If self-publishing means everyone can be a writer, then the internet means anyone can be a critic. There’s something intoxicating about being asked for your opinion on everything you buy, from batteries to Christmas turkey. Do you succumb? What about what you’ve read – how many books do you review?
The trouble with writing about books is your judgement relies so much on personal taste. One person’s ‘too much sex’ is another’s ‘prudish bedroom scenes.’ When reviews were purely the provenance of professional critics, readers got to know them and could filter their responses through their previous critiques. The reviews weren’t always impartial (there have been some fierce spats between authors and critics over the years) but they were written by people who evaluated writing for a living.
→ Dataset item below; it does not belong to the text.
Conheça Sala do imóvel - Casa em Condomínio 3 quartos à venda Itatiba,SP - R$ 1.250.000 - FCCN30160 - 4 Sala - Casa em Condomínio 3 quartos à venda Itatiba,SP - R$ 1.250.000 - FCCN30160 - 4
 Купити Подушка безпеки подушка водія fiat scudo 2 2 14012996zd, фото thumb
Amazon reviews have been tainted by jealous peers writing vitriol (often anonymously), and friends of the author writing hyperbolic praise. If a debut self-published author has 25 5 star reviews, are they an undiscovered talent or do they have loyal family and friends?
Have you been asked to provide a review for a friend? In recent discussions I was surprised to realise just how many people are reluctant to write honestly about what they’ve read if they know the author. If they can’t say nice things, they’d rather not write anything. They are aware of how hard their friends have worked and don’t want to upset them. Or they dash off two lines of sweet thoughts without any idea that a stranger may rely on their words to make a decision about whether to buy the book or not.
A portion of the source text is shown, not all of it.